## [Problem details]
Each line below from the one containing "All Four Paws" through the one containing "Более 15 жителей" should be output exactly as it stands, and no other line should appear.

## [Exercise material]

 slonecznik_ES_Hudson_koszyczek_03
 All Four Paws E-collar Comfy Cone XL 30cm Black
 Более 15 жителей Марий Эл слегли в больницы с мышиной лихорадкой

...

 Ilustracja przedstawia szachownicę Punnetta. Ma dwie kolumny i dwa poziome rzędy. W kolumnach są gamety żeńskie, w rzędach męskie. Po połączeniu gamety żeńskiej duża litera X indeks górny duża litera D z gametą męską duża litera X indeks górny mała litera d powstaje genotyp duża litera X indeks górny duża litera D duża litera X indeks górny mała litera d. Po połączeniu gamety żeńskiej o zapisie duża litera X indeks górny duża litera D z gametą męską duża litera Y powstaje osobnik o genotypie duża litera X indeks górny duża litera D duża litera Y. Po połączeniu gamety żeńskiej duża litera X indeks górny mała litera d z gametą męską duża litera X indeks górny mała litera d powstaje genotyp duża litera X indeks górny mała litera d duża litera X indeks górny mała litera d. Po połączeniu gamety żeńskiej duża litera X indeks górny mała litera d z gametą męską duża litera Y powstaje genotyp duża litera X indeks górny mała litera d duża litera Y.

## [Response to the exercise]
 All Four Paws E-collar Comfy Cone XL 30cm Black
 Более 15 жителей Марий Эл слегли в больницы с мышиной лихорадкой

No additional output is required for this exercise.